Sir John Bourn, head of the National Audit Office, 23 November 2007
The Ministry of Defence’s privatisation of the defence technology business QinetiQ safeguarded the viability of a business of national strategic importance and generated significant proceeds for the taxpayer. However, the NAO believes the taxpayer could have received more money from the deal. Risks remain which the MoD must manage carefully if long term value for money is to be delivered.
Today’s report to Parliament concludes that the process to establish QinetiQ was well managed against a tight time scale and that the 2006 flotation was well executed. To date proceeds of £576 million, net of costs, have been generated for the Government, and the MoD still holds a 19 per cent shareholding in QinetiQ currently worth over £200 million.
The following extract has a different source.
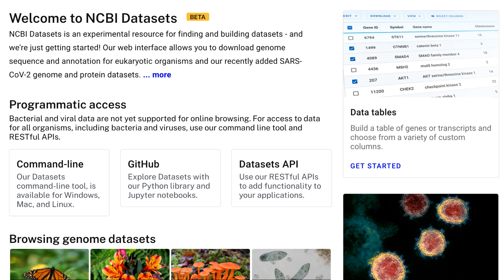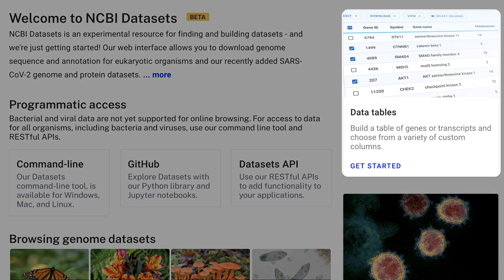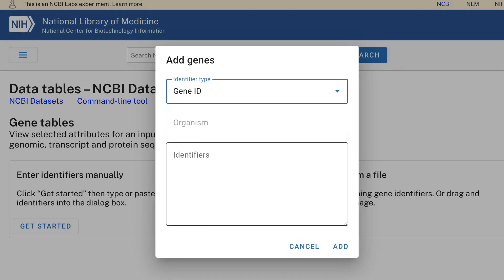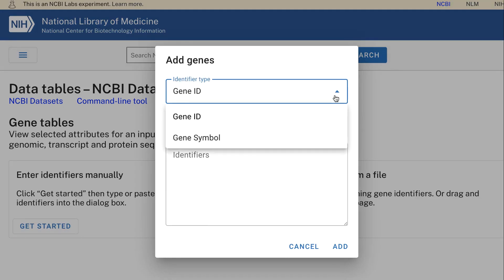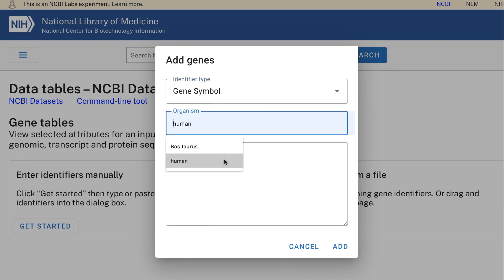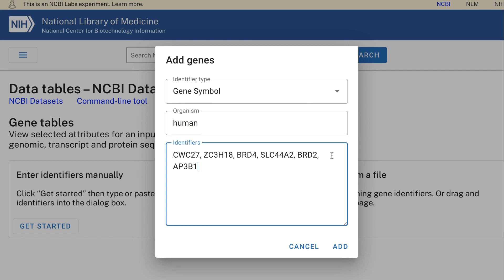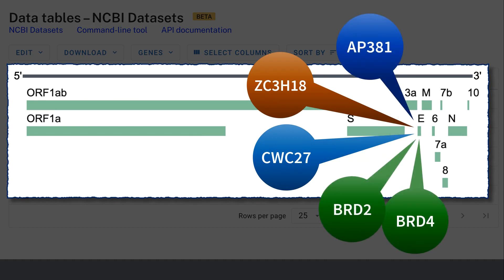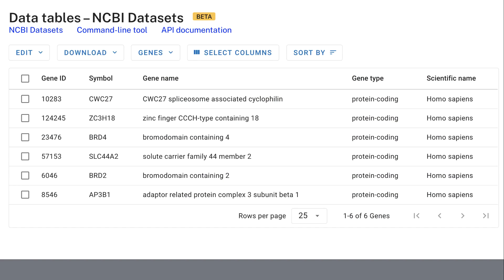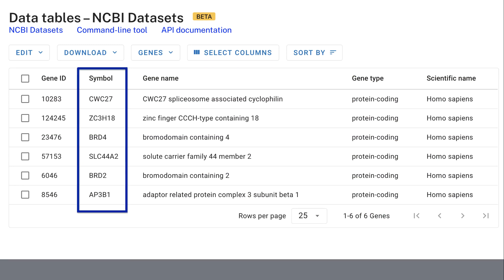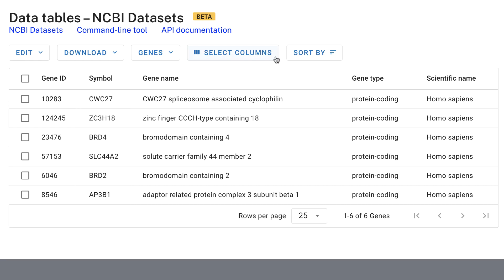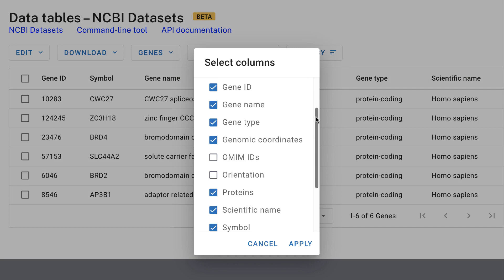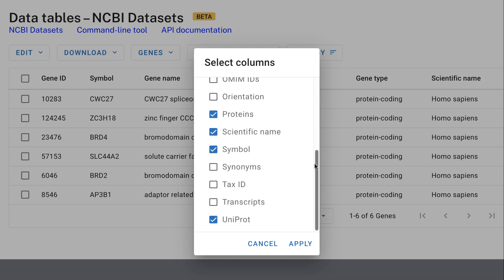Starting from the Datasets homepage, gene data can be accessed through the Data Tables link. To retrieve gene datasets, you can upload a text file with a list of NCBI gene IDs or gene symbols, or manually enter a list of gene IDs or symbols plus the organism name. Say you're interested in learning more about the human host proteins that interact with the viral envelope protein. You can create a gene table based on the human gene symbols taken from the paper. Customize your columns to get the information you want about each gene, including genomic coordinates and resources outside of NCBI, like UniProt accession.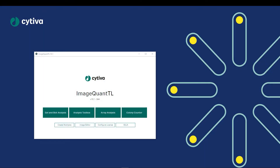In this ImageQuant TL version 10 tutorial video, we will be performing a multi-channel gel or blot analysis with total protein load being used for normalization.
The National Audit Office believes greater proceeds could have been secured from the 2003 sale to Carlyle, although the MoD disagrees with this. Carlyle were appointed as the preferred bidder in September 2003 despite price sensitive issues still being outstanding. This turned a competitive process into one of negotiation.
Initially there were seven bids for QinetiQ valuing the business at between £450 million and £600 million. The final bid from Carlyle valued it at £374 million. The MoD received £155 million from the sale of 37.5% of QinetiQ. NAO analysis shows this was £32 million less than Carlyle’s bid, which was originally for 35% of the business. This was principally a result of changes following negotiations on QinetiQ’s pension fund deficit and the Long Term Partnering Agreement (LTPA). The commercial value of the LTPA was not fully understood at the time of the sale to Carlyle.
Up to 20 per cent of the equity was made available to management and employees subject to performance targets being met. The MoD accepted the incentive scheme for this deal but was not involved in designing the scheme, nor did it seek specialist professional advice. The top ten managers at QinetiQ received shares worth £107 million at the time of flotation, from an investment of just over £500,000. These returns were greater than MoD had expected and came about as a result of higher growth in the value of the equity which also benefited the taxpayer. We think that the the returns to management exceeded what was necessary to incentivise them.
The MoD must actively manage ongoing risks to ensure it achieves long term value for money from the deal. The price of the LTPA is renegotiated every five years to agree a reduction in the price for the next five year period. If there are no other suppliers who are able to provide these services there could be a significant risk to value for money. The MoD needs to act as an intelligent customer to ensure that the envisaged cost savings are realised.